Like it or not (and it’s obvious some people in Des Moines don’t), Johnson is special. She’s an extraordinarily talented athlete who possesses good looks and a likeable persona and who worked extremely hard at an extremely difficult sport and was at one point ranked the best female gymnast in the world. Even those who didn’t like her dance and choreography broadly respect her talent. Few gymnasts can throw the variety of tumbling she performed.
And she maintained her composure in the face of enormous expectations and pressure during the Olympic Games, making only one glaringly obvious mistake (out of bounds on floor in team finals), in 14 routines. Add in the U.S. Championships and Olympic Trials, and that’s one mistake in 30 routines. Note to non-gymnastics people: That’s incredible.
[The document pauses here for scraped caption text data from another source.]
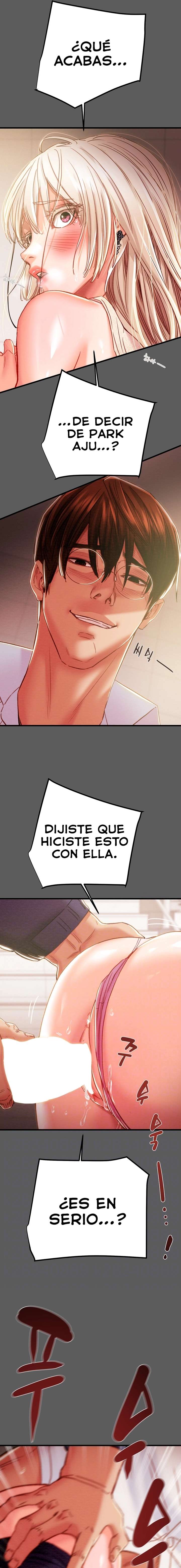 El Saqueador Capítulo 41 - Page 4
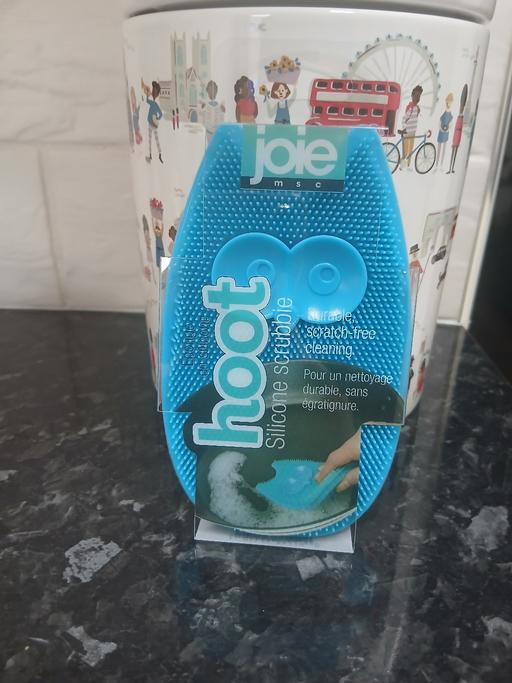 Buy & Sell Radcliffe Bury - Photos for Cleaning Scrubbie New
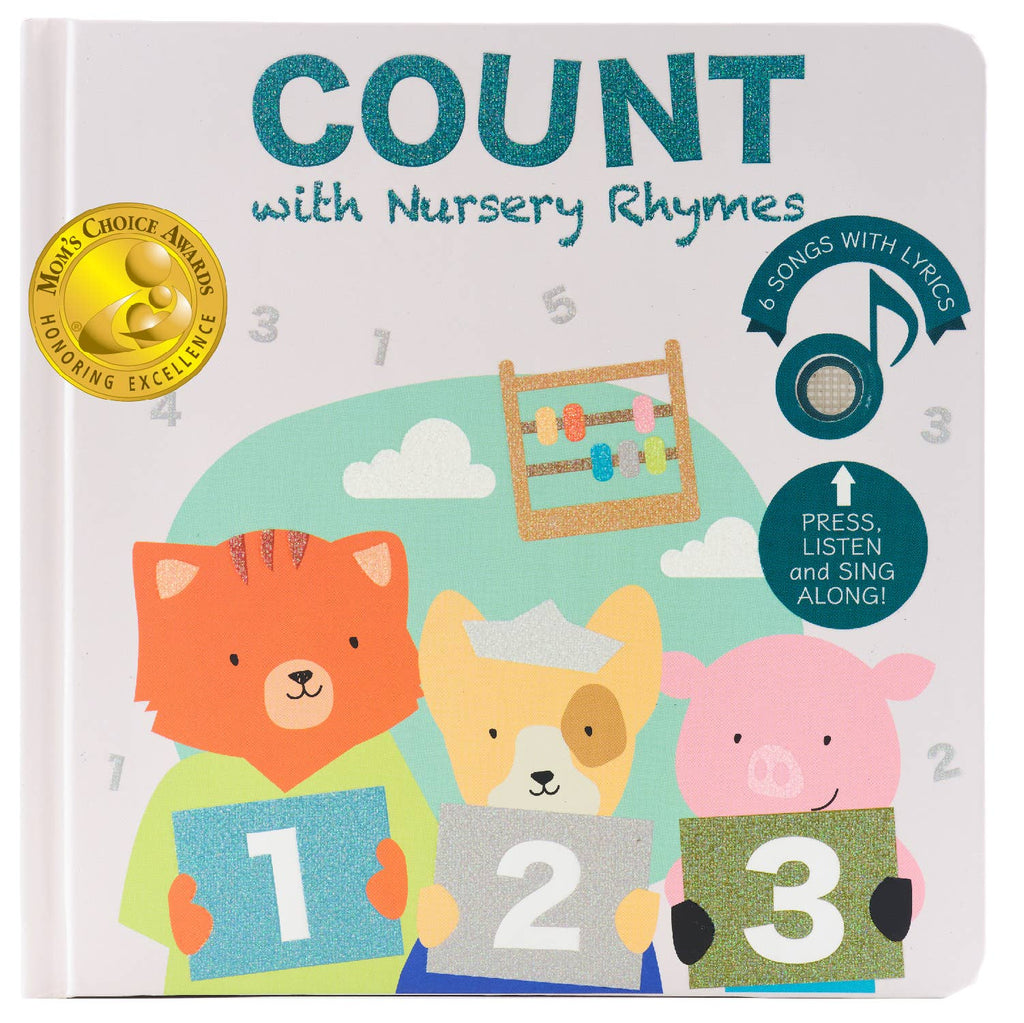 Count With Me Nursery Rhymes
She followed it up by trying her hand at a new skill, one that professionals testify has nothing in common with gymnastics. Ballroom dance isn’t rocket science, but it’s still a skill. Johnson mastered it through hard work, discipline and dedication. She worked closely with a partner to learn the things she’d need to be successful, and she prospered.
Hmmm. Sounds like the sort of person I’d want at my school if I were a dean of a university.
Maybe Shawn has sealed her fate by doing Dancing with the Stars instead of attending her junior year of high school. But probably not. Colleges love people who have accomplished a lot. And it’s hard to say that Johnson hasn’t accomplished a lot, nor is it easy to make a case that, as an Olympic caliber athlete who also managed to be a straight-A student, she’s academically undisciplined.
Lastly, to the person who opined that Johnson doesn’t deserve to get into those schools because all she’s done is win four Olympic medals and a dancing TV show: Uh-huh. And what had you accomplished by the time you were 17 that you can look down on that? Oh, you’d found a cure for cancer? Sorry, I must have missed the media blitz.